(Bloomberg) – Chevron Corp. will hand over a percentage of its Venezuelan production to the local government under new terms negotiated after receiving a license to restart operations in the South American nation, according to people with knowledge of the matter.

The deal was signed between the U.S. energy giant and Petroleos de Venezuela in recent days, shortly after Chevron’s private license was issued by the U.S., according to the people, who asked not to be identified discussing a private matter. They said the pact has terms similar to those reached by other foreign energy companies operating there, which also deliver a percentage of their production to the Venezuelan government as payment.
Trump administration officials sought to ensure Chevron paid no royalties or taxes in cash to the government of Nicolás Maduro, while Venezuela sought to see benefit from the driller’s restarted production, the people said. Getting oil instead of cash effectively means Maduro’s regime has another way to get revenue, by selling its portion of the production to other buyers.
See also: Chevron cleared to restart Venezuela oil production
It remains unclear if Maduro will be allowed to export the oil to the U.S. or other markets, the people said.
A State Department spokesman said the US government won’t allow the Maduro regime to profit from the sale of oil. Venezuela’s information ministry declined to comment.
“Chevron conducts its business globally in compliance with laws and regulations applicable to its business, as well as the sanctions frameworks provided for by the U.S. government, including in Venezuela,” spokesman Bill Turenne said in a statement.
Chevron, which has had a presence in the country for more than a century, is the only major U.S. oil company still there, and has been a vital lifeline for its battered economy. The U.S. let its production license expire in May before opening the door again this month.
Following Trump’s re-election, a license authorizing Chevron to produce oil there became a bargaining chip in the country’s relationship with the U.S. Special envoy Ric Grenell and others in the administration pushed for a more transactional relationship with Maduro, while Secretary of State Marco Rubio encouraged a tough stance.
When Chevron lost its license at the end of May, it was pumping about a quarter of the country’s oil, or around 240,000 bpd. Production levels are expected to have remained stable in the past two months as Chevron had recently imported more diluents — a feedstock used help transport tar-like oil in pipelines — before its license expired.

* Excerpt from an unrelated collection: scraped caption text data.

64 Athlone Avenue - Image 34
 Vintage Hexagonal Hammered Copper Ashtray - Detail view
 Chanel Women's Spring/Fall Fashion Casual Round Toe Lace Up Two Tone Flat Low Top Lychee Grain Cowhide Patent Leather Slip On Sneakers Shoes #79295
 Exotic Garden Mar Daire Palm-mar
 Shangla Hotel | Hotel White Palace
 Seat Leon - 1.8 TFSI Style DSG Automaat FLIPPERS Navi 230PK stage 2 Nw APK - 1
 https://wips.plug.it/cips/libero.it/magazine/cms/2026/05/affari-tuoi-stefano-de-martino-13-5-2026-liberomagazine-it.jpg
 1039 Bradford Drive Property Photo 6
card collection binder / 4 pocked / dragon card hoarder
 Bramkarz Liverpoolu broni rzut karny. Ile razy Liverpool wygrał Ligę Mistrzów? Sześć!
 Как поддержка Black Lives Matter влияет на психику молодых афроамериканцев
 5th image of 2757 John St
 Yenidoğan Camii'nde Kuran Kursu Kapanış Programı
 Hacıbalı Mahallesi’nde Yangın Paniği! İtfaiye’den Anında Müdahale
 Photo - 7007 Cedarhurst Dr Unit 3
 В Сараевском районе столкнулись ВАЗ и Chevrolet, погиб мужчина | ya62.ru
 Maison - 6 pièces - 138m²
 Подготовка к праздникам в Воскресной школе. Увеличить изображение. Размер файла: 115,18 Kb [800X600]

Their recent pivot on Venezuela, restoring Chevron’s production, means the country will be able to sustain oil production of around 900,000 bpd and potentially increase it to 1 million bpd late next year, according to Rapidan Energy. Previously, output was seen falling to as low as 600,000 bpd.
Since the expiry of licenses issued by the U.S. Treasury at the end of May, China had become virtually the only buyer of Venezuelan crude. The Trump administration has previously warned it could apply tariffs to buyers of Venezuelan oil, but thus far hasn’t publicly followed through on that threat.